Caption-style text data
========================================================================

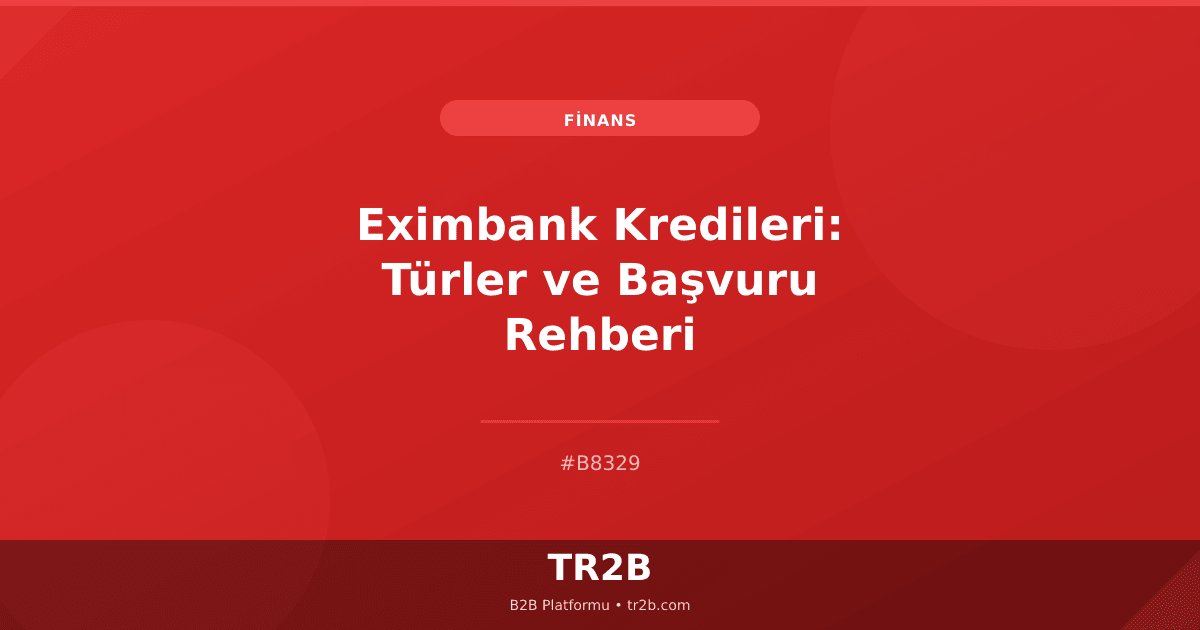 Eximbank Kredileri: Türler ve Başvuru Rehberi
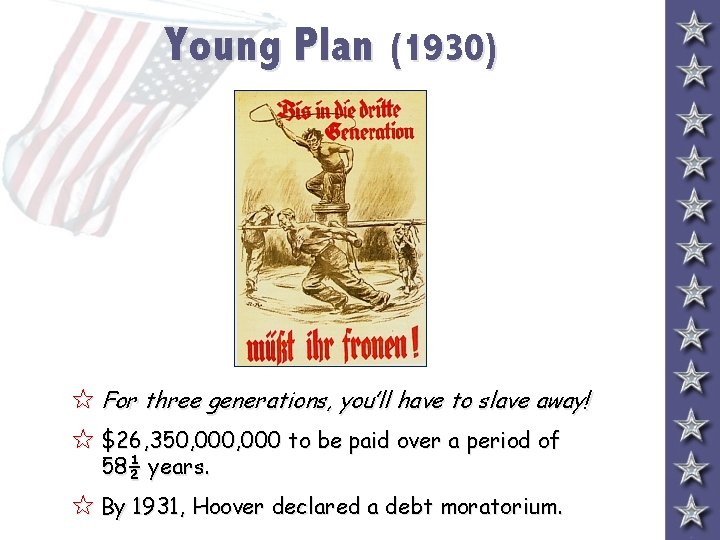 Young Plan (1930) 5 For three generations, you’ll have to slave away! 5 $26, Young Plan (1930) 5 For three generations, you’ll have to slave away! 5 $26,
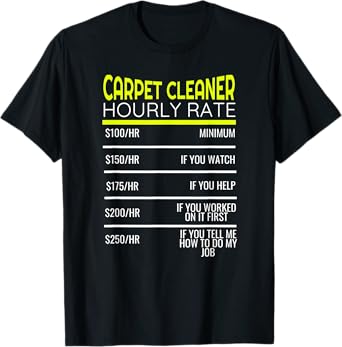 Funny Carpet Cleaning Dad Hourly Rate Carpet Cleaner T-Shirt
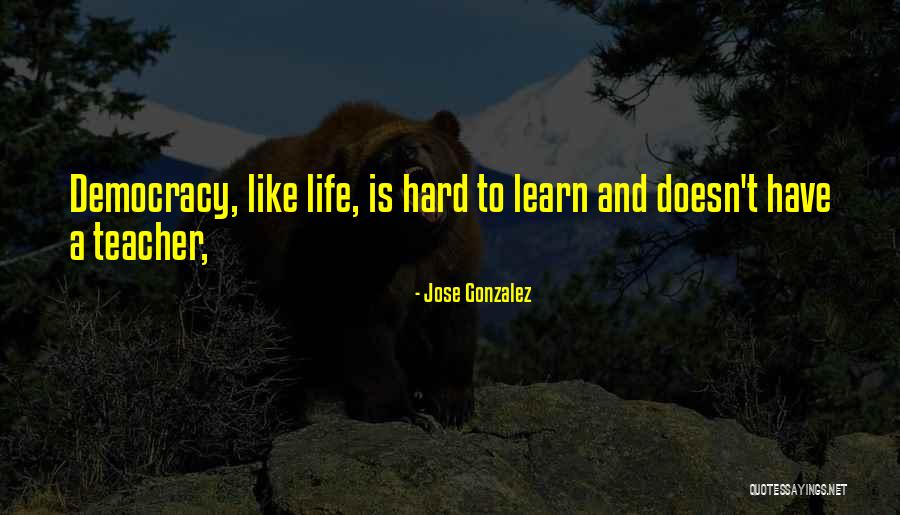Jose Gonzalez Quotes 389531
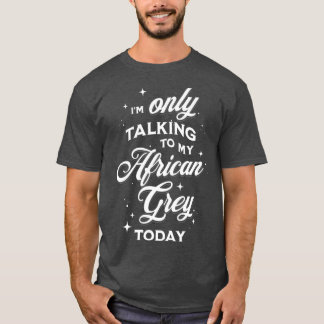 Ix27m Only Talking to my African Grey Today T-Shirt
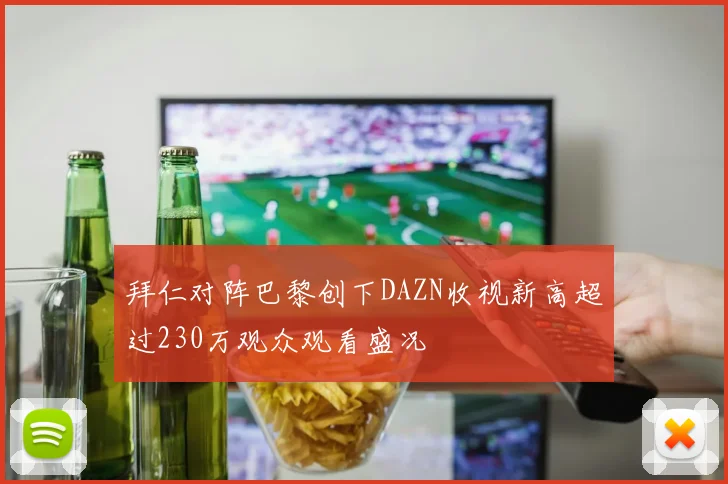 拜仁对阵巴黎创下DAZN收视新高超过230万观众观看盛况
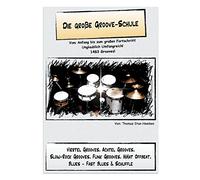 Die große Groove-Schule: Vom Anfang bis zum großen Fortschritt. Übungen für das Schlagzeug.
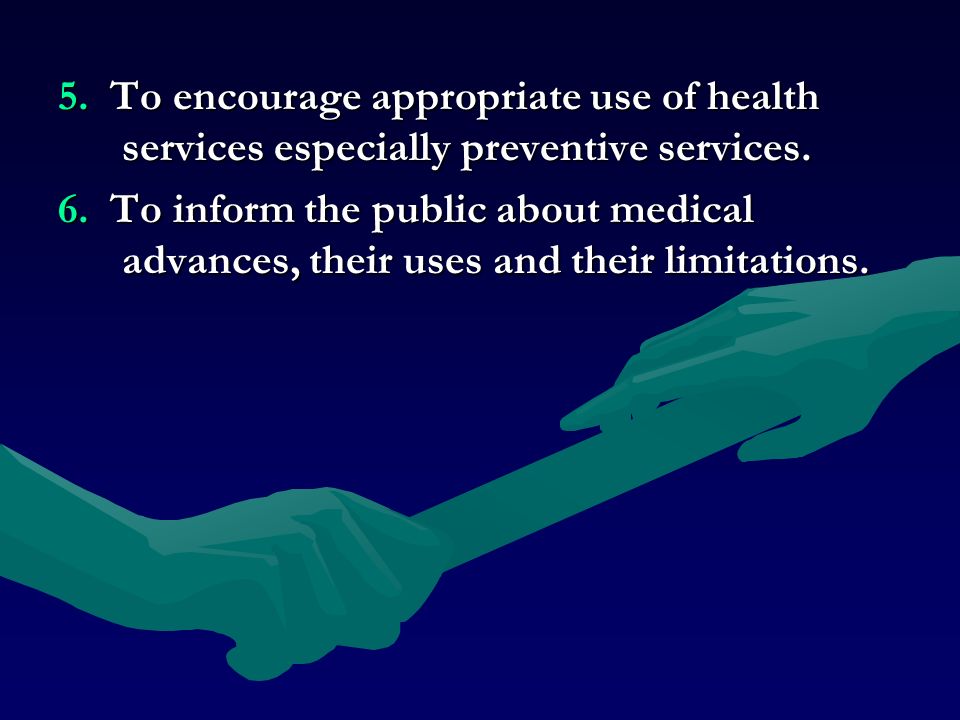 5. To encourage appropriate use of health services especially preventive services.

========================================================================

**DIRECTIONS**
Restate every record above word for word, without images.

**OUTPUT BELOW**
 Eximbank Kredileri: Türler ve Başvuru Rehberi
 Young Plan (1930) 5 For three generations, you’ll have to slave away! 5 $26, Young Plan (1930) 5 For three generations, you’ll have to slave away! 5 $26,
 Funny Carpet Cleaning Dad Hourly Rate Carpet Cleaner T-Shirt
Jose Gonzalez Quotes 389531
 Ix27m Only Talking to my African Grey Today T-Shirt
 拜仁对阵巴黎创下DAZN收视新高超过230万观众观看盛况
 Die große Groove-Schule: Vom Anfang bis zum großen Fortschritt. Übungen für das Schlagzeug.
 5. To encourage appropriate use of health services especially preventive services.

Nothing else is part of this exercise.